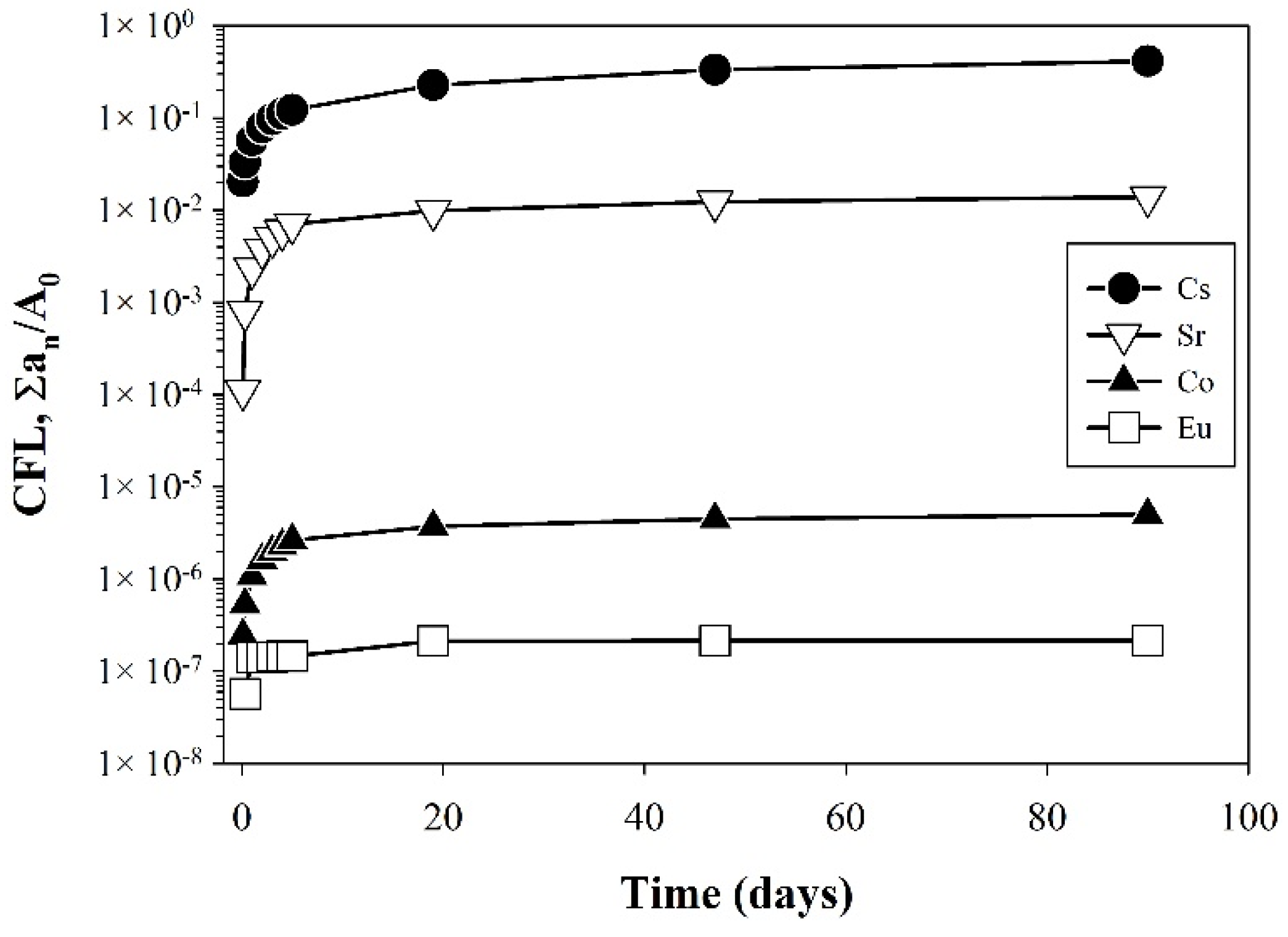 Applsci 11 08418 g006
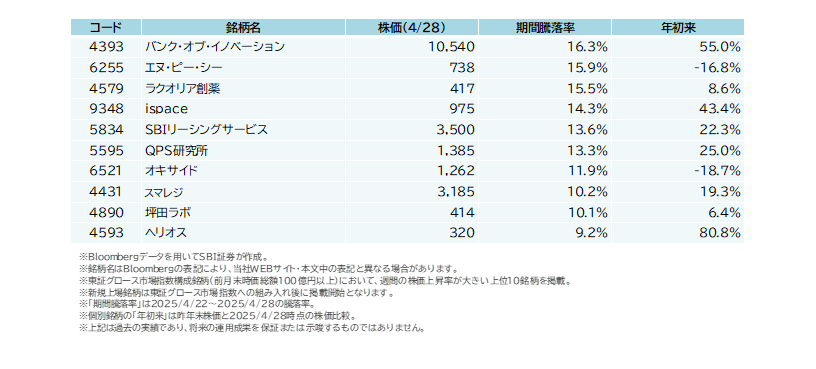 4/22(火)~4/28(月)で株価上昇が大きかった東証グロース市場指数構成銘柄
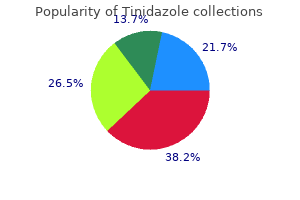 cheap 1000mg tinidazole otc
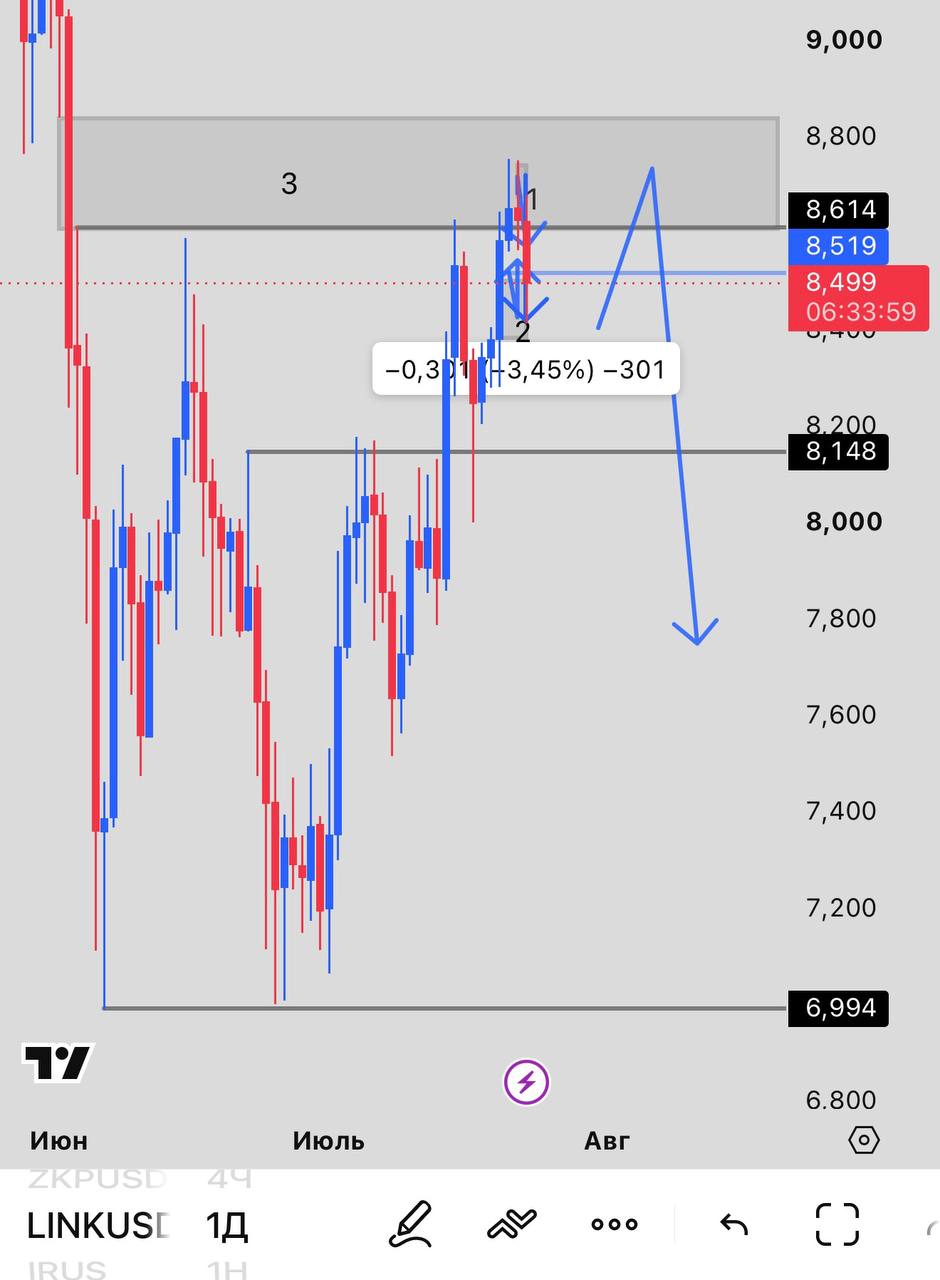 LINKUSDT SHORT signal screenshot by INVEX GROUP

§ **Exercise instructions**
Would you give again exactly the lines from the line containing "4/22(火)~4/28(月" through the end of the listing, both ends included, without any pictures?

§ **Response to this task**
 4/22(火)~4/28(月)で株価上昇が大きかった東証グロース市場指数構成銘柄
 cheap 1000mg tinidazole otc
 LINKUSDT SHORT signal screenshot by INVEX GROUP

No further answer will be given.